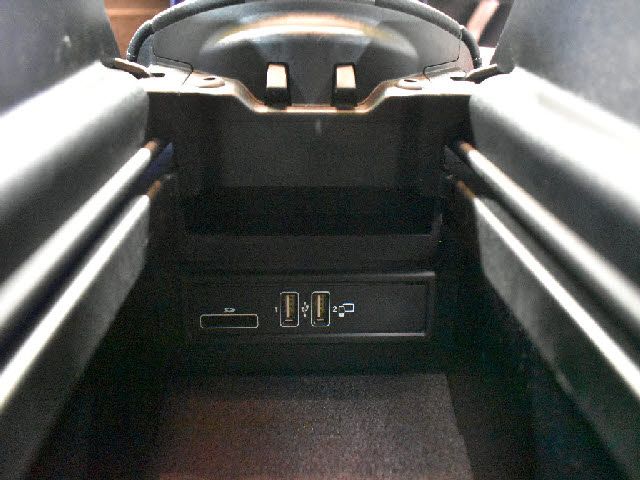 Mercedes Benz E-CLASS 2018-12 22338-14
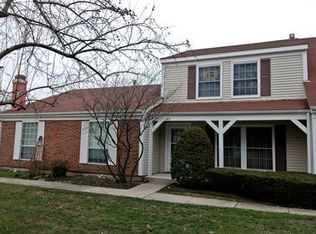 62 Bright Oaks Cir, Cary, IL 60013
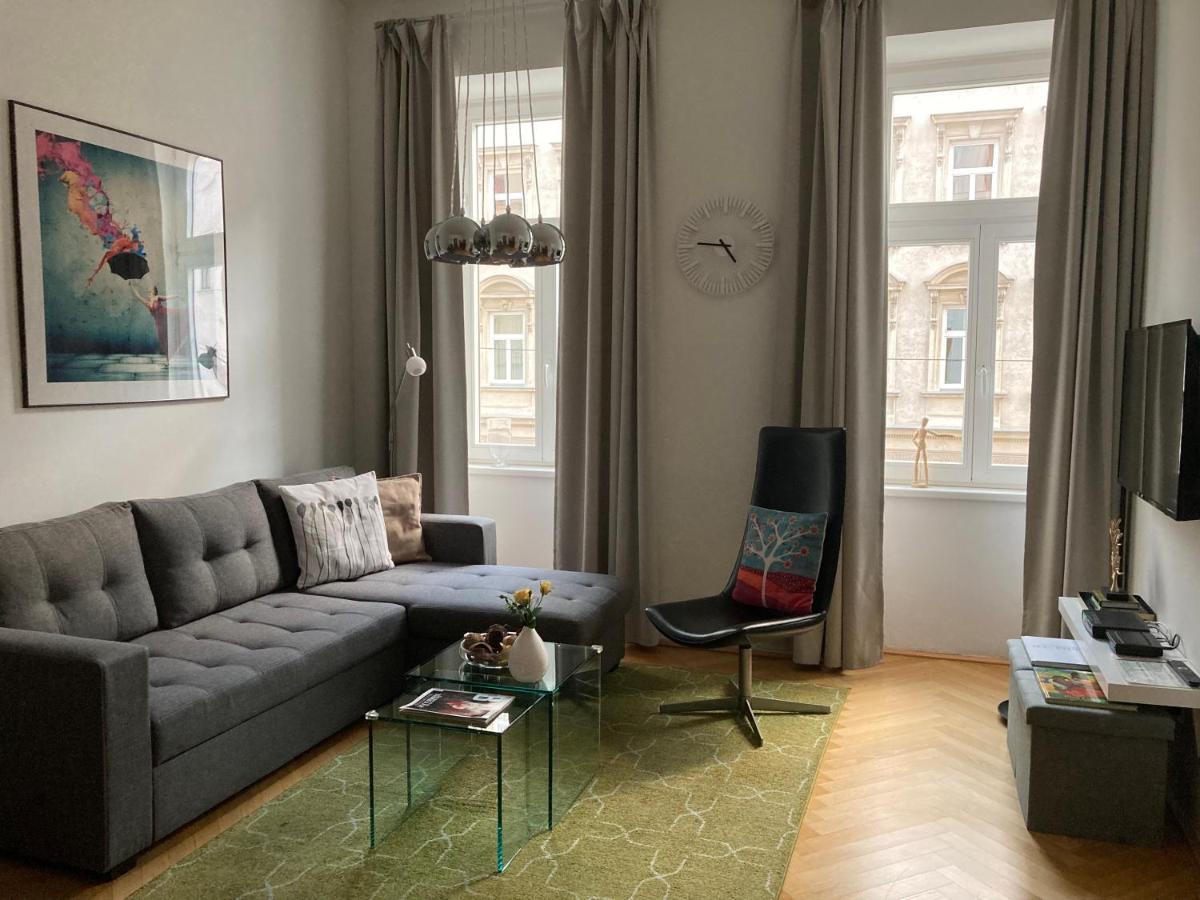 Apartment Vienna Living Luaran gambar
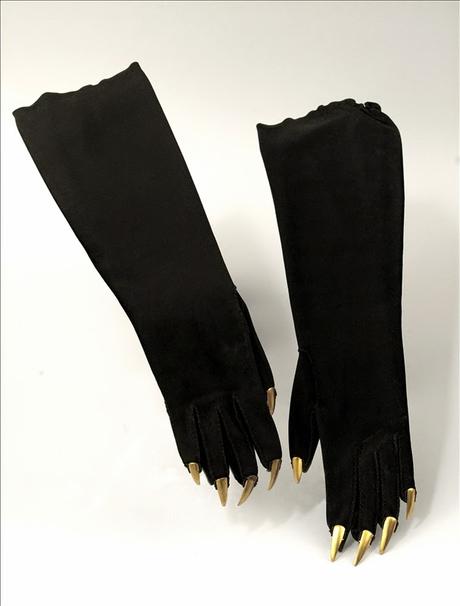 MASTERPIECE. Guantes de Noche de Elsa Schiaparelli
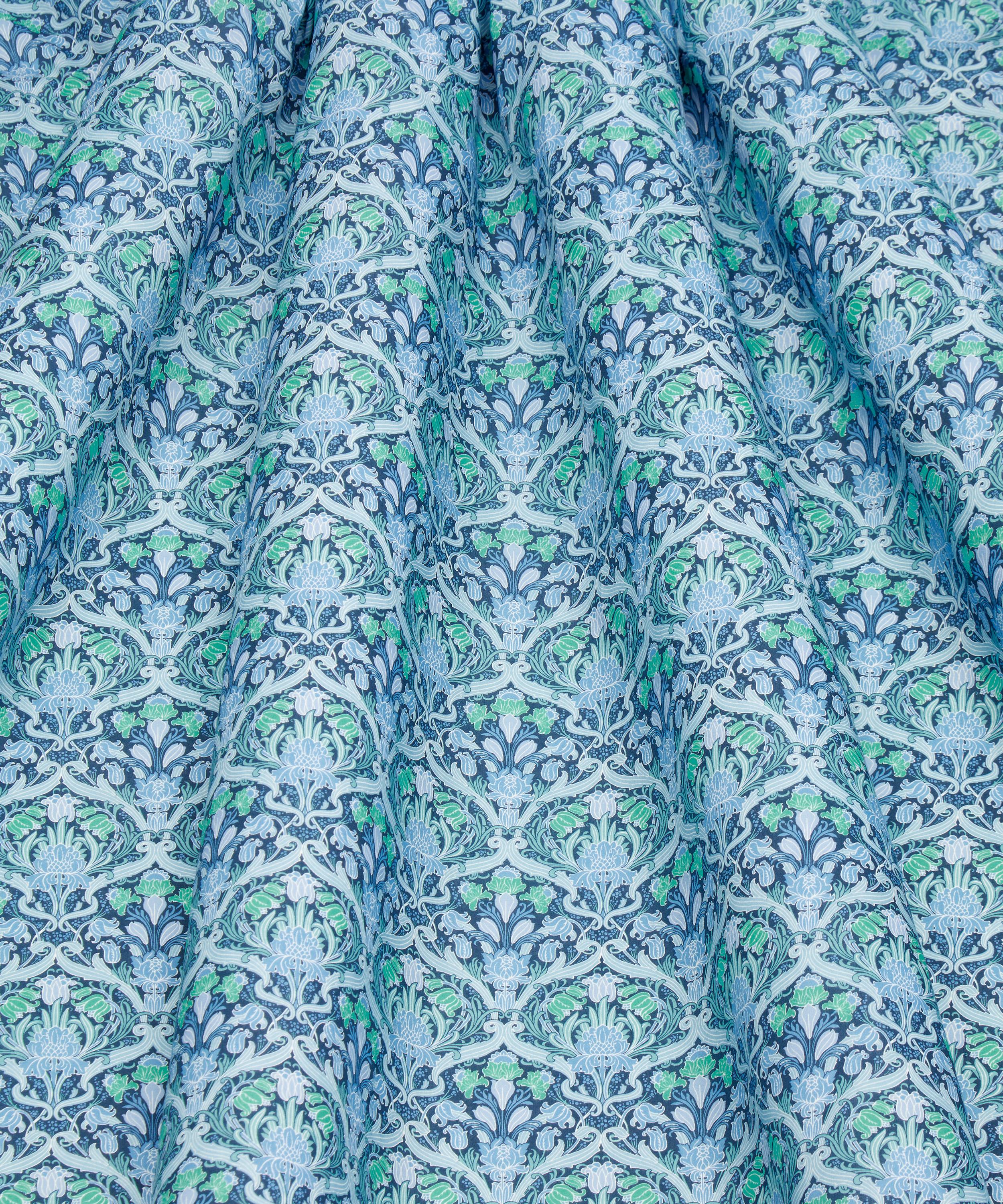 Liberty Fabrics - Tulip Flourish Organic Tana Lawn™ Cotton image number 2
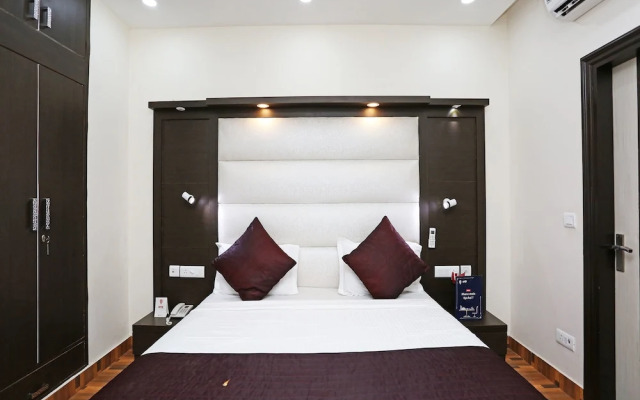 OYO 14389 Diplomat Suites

---

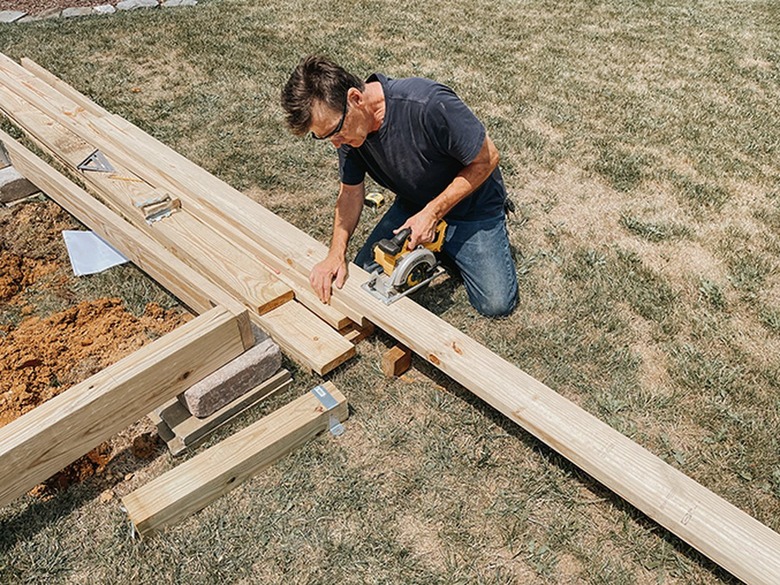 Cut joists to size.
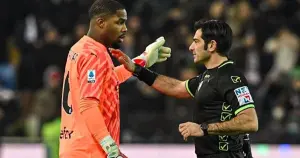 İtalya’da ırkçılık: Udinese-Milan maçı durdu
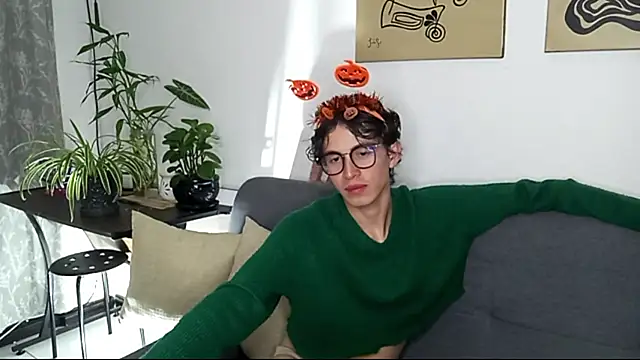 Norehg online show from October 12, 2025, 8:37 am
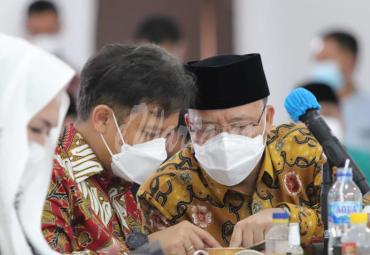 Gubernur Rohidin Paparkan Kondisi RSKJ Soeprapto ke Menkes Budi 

* * *

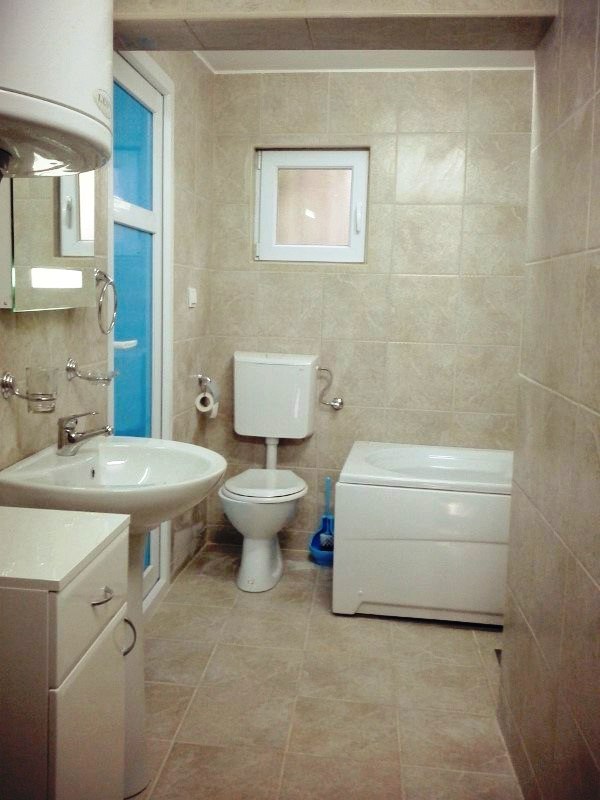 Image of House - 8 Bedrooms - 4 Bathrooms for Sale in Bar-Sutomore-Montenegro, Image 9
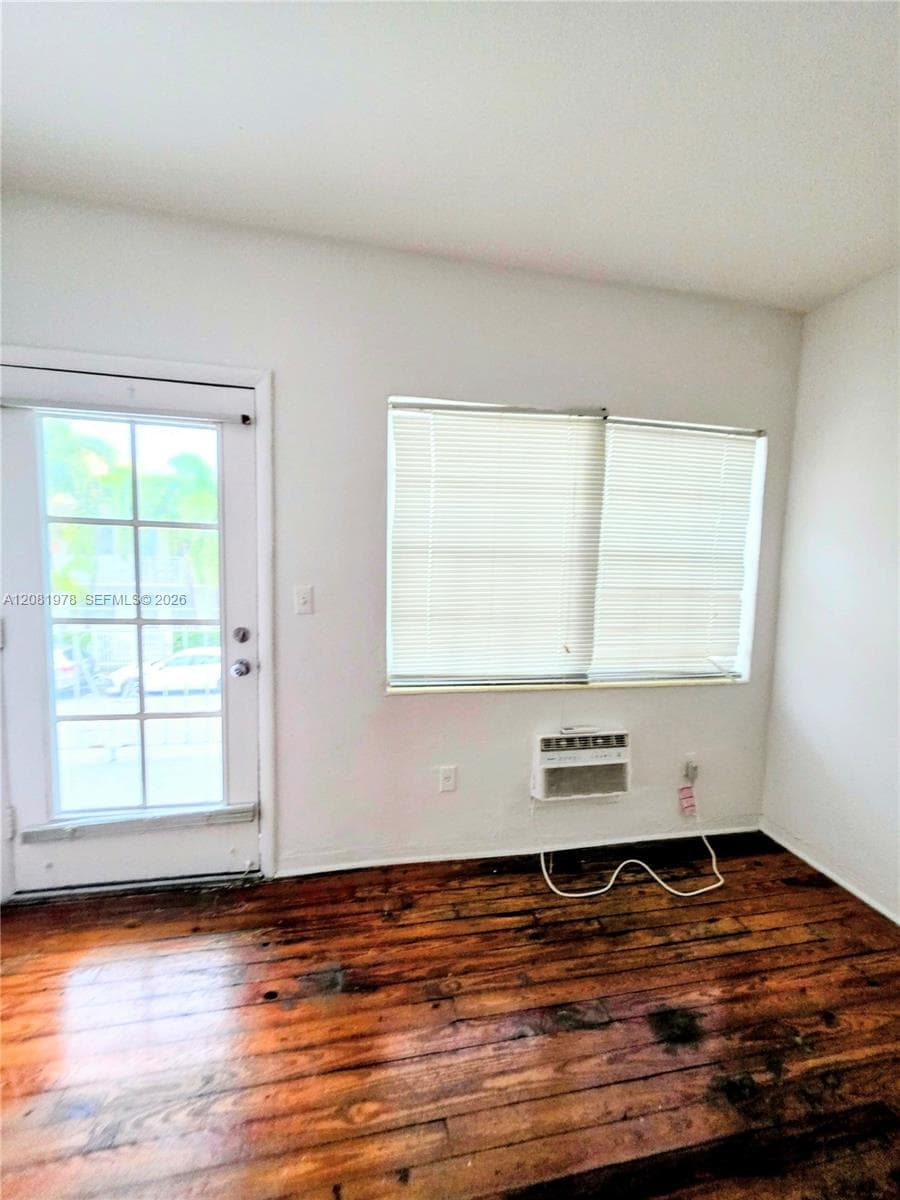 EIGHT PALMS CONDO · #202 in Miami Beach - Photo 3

§ **What to produce**
From the listing above, please give again the lines that begin with the line holding "İtalya’da ırkçılık: Udinese-Milan maçı durdu" and go on through the line holding "Gubernur Rohidin Paparkan", exactly, both ends included, minus any picture.

§ **Answer section**
 İtalya’da ırkçılık: Udinese-Milan maçı durdu
 Norehg online show from October 12, 2025, 8:37 am
 Gubernur Rohidin Paparkan Kondisi RSKJ Soeprapto ke Menkes Budi 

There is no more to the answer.